EXCERPTED DATA Start Marker
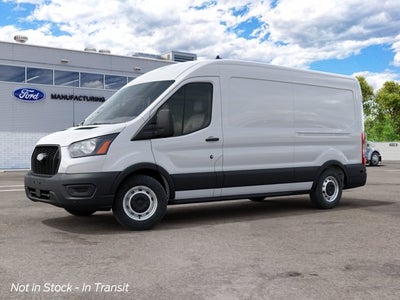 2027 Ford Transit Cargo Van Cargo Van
EXCERPTED DATA End Marker
EXCERPTED DATA Start Marker
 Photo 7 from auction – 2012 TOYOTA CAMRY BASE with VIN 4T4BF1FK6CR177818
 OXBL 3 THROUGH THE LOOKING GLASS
EXCERPTED DATA End Marker
• TASK OBJECTIVE: Above are the records; copy exactly the lines from the line with "Photo 7 from" through the line with "OXBL 3 THROUGH THE LOOKING GLASS", both included.

• EXERCISE ANSWER:
 Photo 7 from auction – 2012 TOYOTA CAMRY BASE with VIN 4T4BF1FK6CR177818
 OXBL 3 THROUGH THE LOOKING GLASS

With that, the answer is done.